Only one stretch of the data below is wanted: the lines starting at the one with "Cat In The Wild Nature At Suumer" and ending at the one with "The fish is yellow with", both included, given again exactly.

**Scraped caption text data**.
___

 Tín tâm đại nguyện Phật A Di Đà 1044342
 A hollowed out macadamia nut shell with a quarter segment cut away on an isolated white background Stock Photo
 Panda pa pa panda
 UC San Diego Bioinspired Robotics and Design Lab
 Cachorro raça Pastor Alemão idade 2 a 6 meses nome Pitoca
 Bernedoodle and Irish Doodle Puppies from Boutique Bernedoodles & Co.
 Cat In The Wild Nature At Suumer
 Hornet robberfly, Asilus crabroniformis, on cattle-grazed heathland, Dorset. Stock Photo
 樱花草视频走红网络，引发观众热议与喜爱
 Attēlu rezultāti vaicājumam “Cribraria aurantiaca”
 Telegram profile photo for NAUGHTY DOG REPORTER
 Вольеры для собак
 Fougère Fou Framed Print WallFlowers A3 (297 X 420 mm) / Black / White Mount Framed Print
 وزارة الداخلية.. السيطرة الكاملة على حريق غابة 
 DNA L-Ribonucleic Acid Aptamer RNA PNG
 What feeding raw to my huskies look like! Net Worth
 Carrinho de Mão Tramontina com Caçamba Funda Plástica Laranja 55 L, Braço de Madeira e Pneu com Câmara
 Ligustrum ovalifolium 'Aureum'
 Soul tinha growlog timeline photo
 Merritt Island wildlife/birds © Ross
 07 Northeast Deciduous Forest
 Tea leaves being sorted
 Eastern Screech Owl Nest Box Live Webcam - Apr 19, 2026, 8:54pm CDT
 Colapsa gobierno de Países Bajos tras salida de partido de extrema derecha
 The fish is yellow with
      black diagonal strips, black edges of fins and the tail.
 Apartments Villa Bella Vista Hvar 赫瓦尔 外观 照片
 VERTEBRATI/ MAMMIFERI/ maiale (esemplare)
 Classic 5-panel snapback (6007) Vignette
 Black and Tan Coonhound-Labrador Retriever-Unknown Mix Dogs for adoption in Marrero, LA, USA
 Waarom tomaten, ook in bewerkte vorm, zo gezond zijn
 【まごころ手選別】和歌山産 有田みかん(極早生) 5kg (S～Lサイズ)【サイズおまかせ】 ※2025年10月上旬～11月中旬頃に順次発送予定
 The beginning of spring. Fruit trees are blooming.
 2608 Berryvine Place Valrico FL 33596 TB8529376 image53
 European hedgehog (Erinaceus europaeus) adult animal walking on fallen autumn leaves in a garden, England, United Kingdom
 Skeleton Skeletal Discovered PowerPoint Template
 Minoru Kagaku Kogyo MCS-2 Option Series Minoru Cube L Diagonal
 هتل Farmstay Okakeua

___

**Finished task**.
 Cat In The Wild Nature At Suumer
 Hornet robberfly, Asilus crabroniformis, on cattle-grazed heathland, Dorset. Stock Photo
 樱花草视频走红网络，引发观众热议与喜爱
 Attēlu rezultāti vaicājumam “Cribraria aurantiaca”
 Telegram profile photo for NAUGHTY DOG REPORTER
 Вольеры для собак
 Fougère Fou Framed Print WallFlowers A3 (297 X 420 mm) / Black / White Mount Framed Print
 وزارة الداخلية.. السيطرة الكاملة على حريق غابة 
 DNA L-Ribonucleic Acid Aptamer RNA PNG
 What feeding raw to my huskies look like! Net Worth
 Carrinho de Mão Tramontina com Caçamba Funda Plástica Laranja 55 L, Braço de Madeira e Pneu com Câmara
 Ligustrum ovalifolium 'Aureum'
 Soul tinha growlog timeline photo
 Merritt Island wildlife/birds © Ross
 07 Northeast Deciduous Forest
 Tea leaves being sorted
 Eastern Screech Owl Nest Box Live Webcam - Apr 19, 2026, 8:54pm CDT
 Colapsa gobierno de Países Bajos tras salida de partido de extrema derecha
 The fish is yellow with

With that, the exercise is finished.